§ Directions
Even the shortest line counts, so transcribe all the data exactly.

§ Material provided
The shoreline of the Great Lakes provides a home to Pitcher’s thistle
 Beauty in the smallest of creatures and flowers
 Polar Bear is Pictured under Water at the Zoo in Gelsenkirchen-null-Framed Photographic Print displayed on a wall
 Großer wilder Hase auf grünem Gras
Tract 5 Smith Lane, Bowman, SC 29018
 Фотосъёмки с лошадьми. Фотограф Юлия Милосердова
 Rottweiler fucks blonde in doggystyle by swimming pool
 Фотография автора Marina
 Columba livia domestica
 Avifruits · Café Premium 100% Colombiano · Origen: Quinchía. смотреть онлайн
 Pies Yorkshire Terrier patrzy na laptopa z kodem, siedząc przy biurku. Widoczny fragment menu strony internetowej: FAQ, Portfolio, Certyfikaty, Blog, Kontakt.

§ Response area
The shoreline of the Great Lakes provides a home to Pitcher’s thistle
 Beauty in the smallest of creatures and flowers
 Polar Bear is Pictured under Water at the Zoo in Gelsenkirchen-null-Framed Photographic Print displayed on a wall
 Großer wilder Hase auf grünem Gras
Tract 5 Smith Lane, Bowman, SC 29018
 Фотосъёмки с лошадьми. Фотограф Юлия Милосердова
 Rottweiler fucks blonde in doggystyle by swimming pool
 Фотография автора Marina
 Columba livia domestica
 Avifruits · Café Premium 100% Colombiano · Origen: Quinchía. смотреть онлайн
 Pies Yorkshire Terrier patrzy na laptopa z kodem, siedząc przy biurku. Widoczny fragment menu strony internetowej: FAQ, Portfolio, Certyfikaty, Blog, Kontakt.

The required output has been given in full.